Full Circuit (2013–present)
- Length: 4.100 km (2.548 mi)
- Turns: 22
- Race lap record: 1:28.830 ( Liam Sceats, Tatuus FT-60, 2024, F-Regional)

'A' Course (2013–present)
- Length: 1.133 km (0.704 mi)
- Turns: 7

'B' Course (2013–present)
- Length: 1.090 km (0.677 mi)
- Turns: 2

'C' Course (2013–present)
- Length: 1.496 km (0.930 mi)
- Turns: 7

= Highlands Motorsport Park =

Motor racing circuit in Cromwell, New Zealand

The Highlands Motorsport Park is a motor racing circuit in Cromwell, Otago, New Zealand. Opened on 30 March 2013, the facility features a 4.100 km circuit.

==Circuit==

The circuit offers on and off track driving, an outdoor go-kart track, a sculpture park and mini golf. It is also the home of the New Zealand National Motorsport Museum, and displays machinery including ex-Formula One cars.

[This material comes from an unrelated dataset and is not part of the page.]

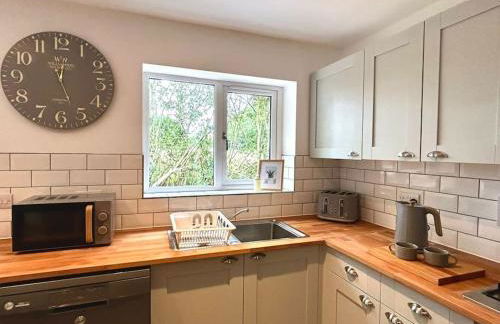 5 - Hedgehog Den, Large dog friendly garden with hottub - Photo 11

In early 2016, Highlands acquired the only Aston Martin Vulcan in the Southern Hemisphere, and one of only 24 worldwide, for $4.2 million. It is currently on display at the National Motorsport Museum at the park. In 2016 the park introduced the Highlands Festival of Speed, held annually in mid-January.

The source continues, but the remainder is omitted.